AT the end of a federal election campaign in which every individual and family in every possible demographic appears to be getting something under major party campaign pledges, there is a Hunter group resigned to missing out.
"We will get nothing," said Salt Ash resident Dennis McCarron at a heated meeting at Williamtown on Monday night where hopes of a Labor commitment to property buybacks were dashed.
Monday marked 1348 days since residents near Williamtown RAAF Base discovered their land had been contaminated by toxic per- and poly-fluoroalkyl substances, better known as PFAS chemicals.
While their daily lives have had to go on, affected residents have been thrust into a future with too many unknowns, not the least being the impact of PFAS chemicals on their bodies and health, and more disturbingly on the health and lives of their children and grandchildren.

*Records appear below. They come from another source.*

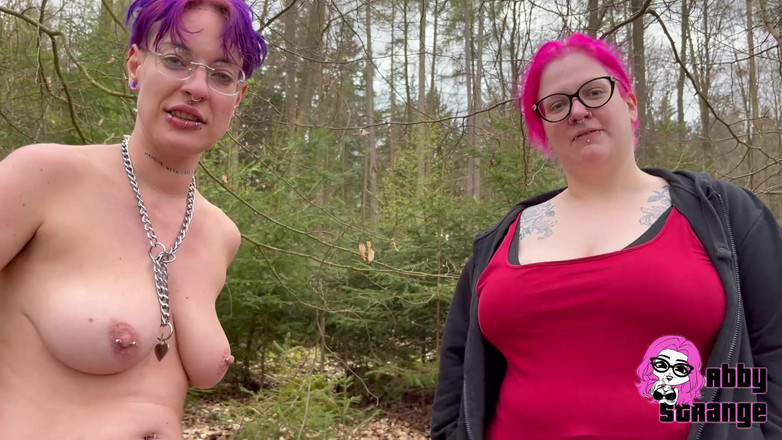 Abby Strange: Alex och jag pissar i skogen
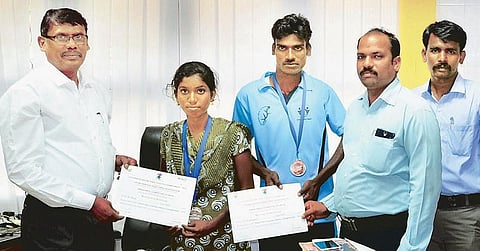 தேசிய தடகளத்தில் வென்ற மாற்றுத் திறனாளிகளுக்குப் பாராட்டு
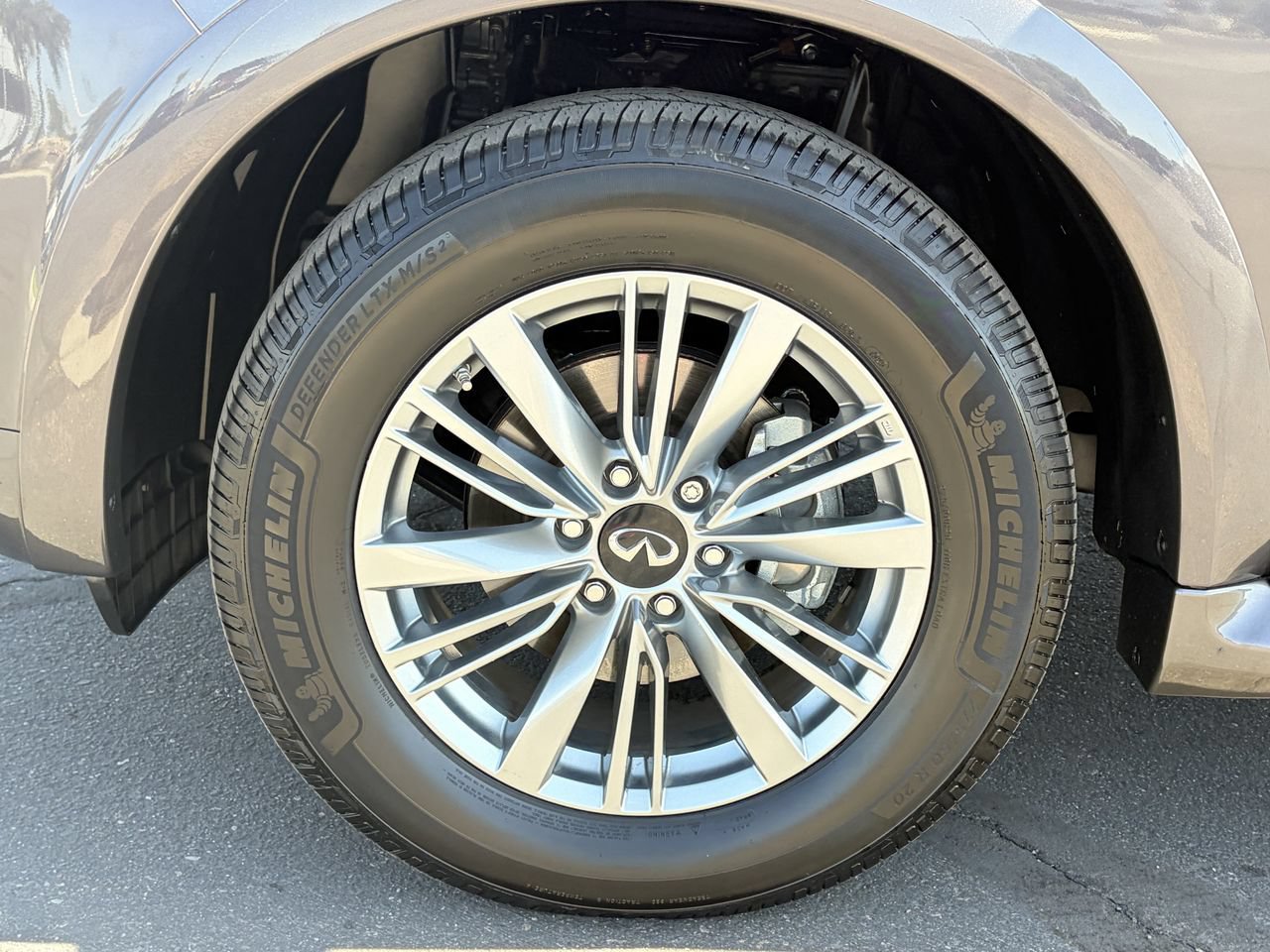 Used 2022 INFINITI QX80 Luxe w/ Cargo Package RWD image 9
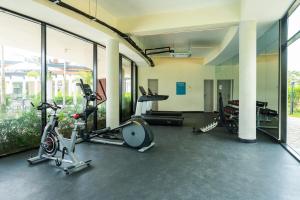 Modern apartment, on-site pool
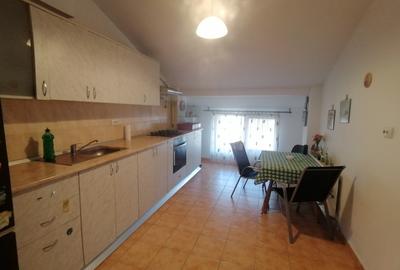 Apartament cu 4 camere decomandat, mobilat în Est - 13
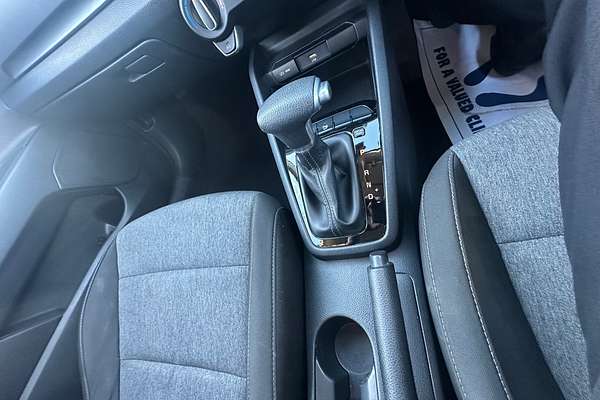 2022 Kia Stonic S YB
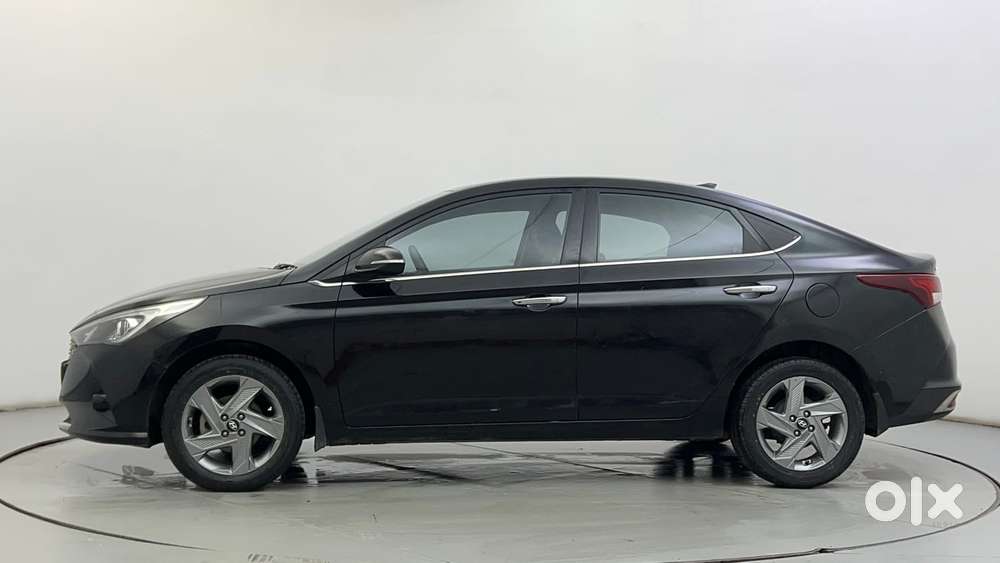 Hyundai Verna 1.5 Sx Ivt, 2021, Petrol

Affected residents have also been forced to deal with the brick wall of the Department of Defence and its often tone deaf responses to the real anguish experienced by many people. Their futures have a question mark hanging over them through no fault of their own, many feel trapped in houses and on properties that are devalued because of the PFAS contamination, and the Department of Defence has blocked where it should have listened, and prioritised other issues.
There was considerable hope that Monday's federal election forum, hosted by Fullerton Cove Residents' Action Group, would deliver a commitment from Labor to buybacks and compensation for affected residents.
While Hunter MP Joel Fitzgibbon said buybacks and compensation were the "only end game" for residents trapped in Williamtown's red zone, he did not outline a path for that to happen because Labor did not know "what it is going to cost and how it can be contained".
Liberal hopeful Sachin Joshi wasn't available to attend the forum because of "previous campaign commitments", and after years of strident criticism of the Federal Coalition Government for failing to adequately respond to the PFAS saga.
It is a mess not of their making, but residents trapped in the Williamtown red zone have shown they're not giving up. And that's their campaign promise.